Na drodze do współpłacenia?

Małgorzata Solecka
Kurier MP

Ważą się losy nowelizacji ustawy refundacyjnej w zakresie nowych zasad finansowania wyrobów medycznych. Ministerstwo Zdrowia będzie musiało, najprawdopodobniej, wprowadzić liczne zmiany do projektu, który nie zyskał akceptacji Komitetu Stałego Rady Ministrów. Ale to nie merytoryczne uwagi, ale polityka może przesądzić o fiasku pomysłów ministerstwa.

Minister zdrowia Konstanty Radziwiłł. Fot. Dawid Zuchowicz / Agencja Gazeta

Ministerstwo Zdrowia przewidywało, że projekt ustawy o wyrobach medycznych jeszcze przed świętami trafi pod obrady rządu, a zaraz po Nowym Roku zostanie skierowany do Sejmu. Jednak KSRM zawiesił prace nad projektem. Uzasadnienie? Konieczne jest „przepracowanie projektu” przez ministerstwo zdrowia.

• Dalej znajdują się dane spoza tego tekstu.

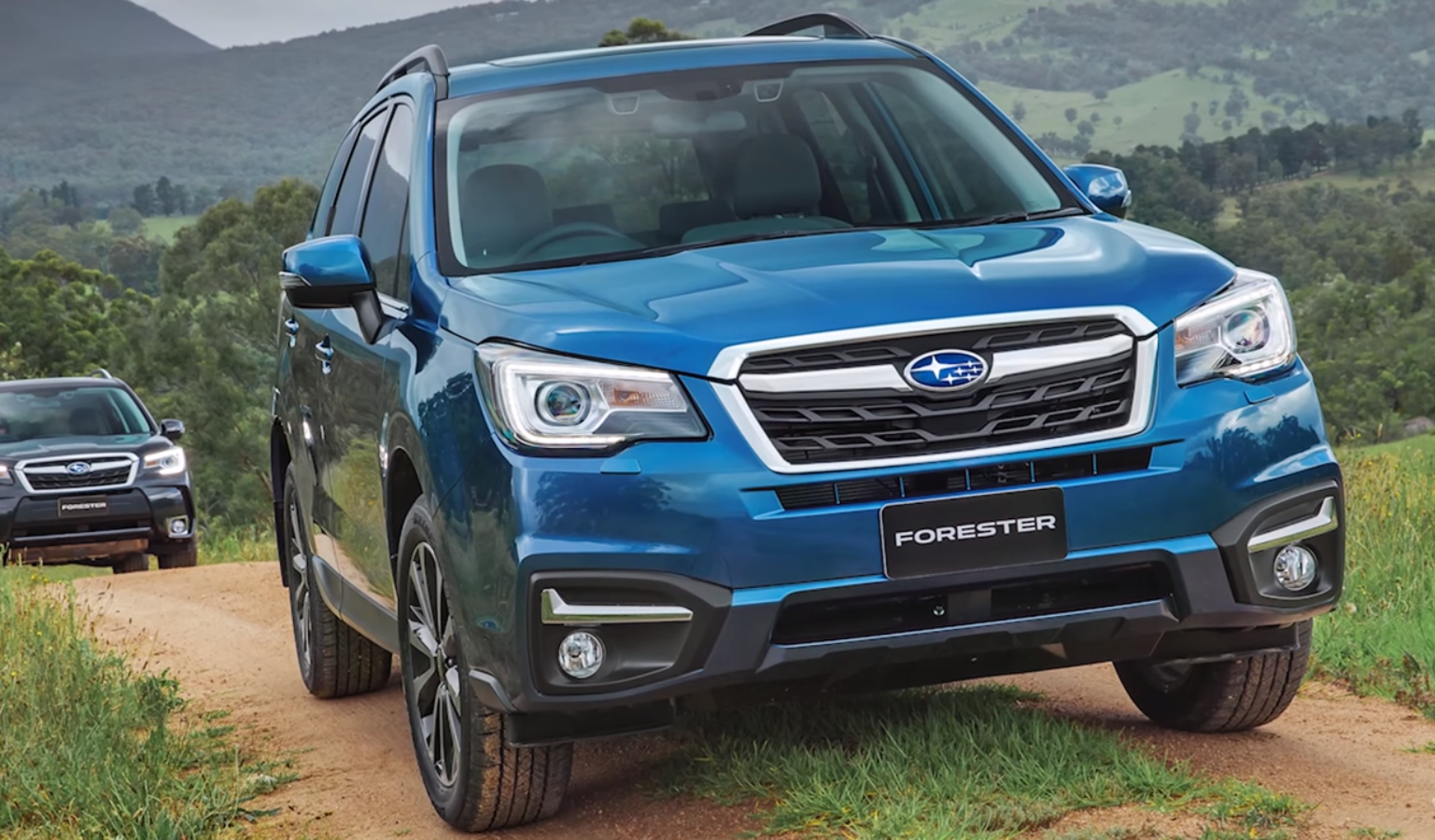 All We'll Drive: 2017 Forester Updates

Nowelizacja ma wprowadzić nowe zasady refundacji wyrobów medycznych, analogiczne do tych, jakie obowiązują przy lekach. To oznacza, między innymi, sztywne marże na wyroby medyczne a przede wszystkim – limity refundacyjne a także – system zakupów centralnych dla części wyrobów medycznych: firmy musiałyby startować w przetargach (tak jak w tej chwili np. producenci szczepionek). Część wyrobów medycznych, najprawdopodobniej, w ogóle nie podlegałaby refundacji.

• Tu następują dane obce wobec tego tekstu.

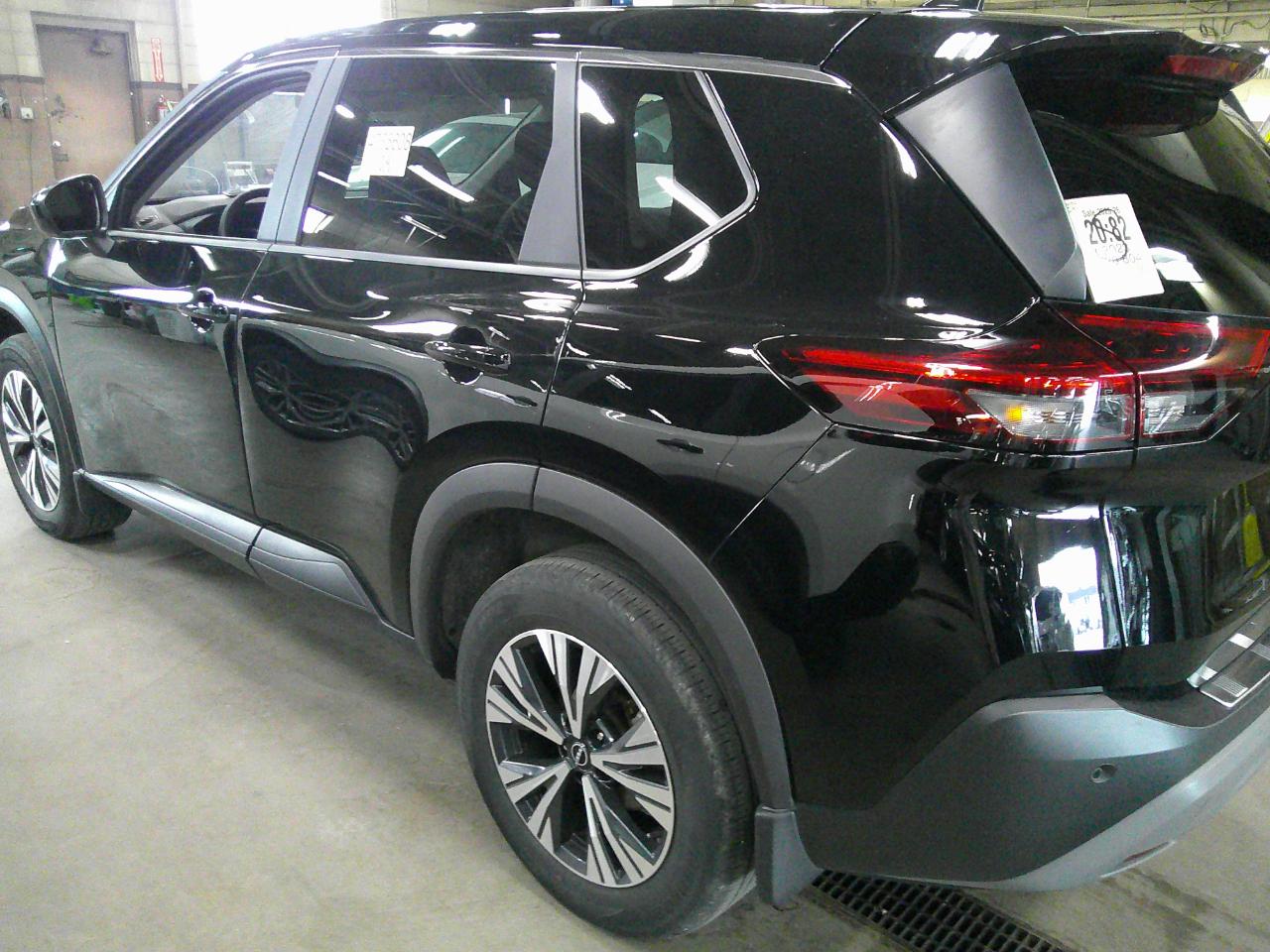 Nissan Rogue AWD SV 2023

Fundamentalną zmianą, z punktu widzenia pacjentów, będzie możliwość współpłacenia za wyroby medyczne stosowane przy zabiegach i operacjach. Pacjent będzie miał wybór: zabieg z wyrobem medycznym (np. soczewka czy endoproteza) w standardzie refundowanym w 100 procentach, lub bezpłatny zabieg, ale wyrób medyczny droższy (a więc lepszej jakości), do którego trzeba będzie dopłacić. W tej chwili takiej możliwości nie ma – pacjent, który musi mieć operację zaćmy i chce mieć wszczepioną lepszą soczewkę, musi zapłacić pełną cenę zabiegu. Nie ma prawa skorzystać ze świadczenia „na NFZ” – przynajmniej w Polsce. Stąd masowe wyjazdy pacjentów na operacje do Czech, za które Fundusz zwraca pełną (lub niemal pełną) zapłaconą za granicą kwotę.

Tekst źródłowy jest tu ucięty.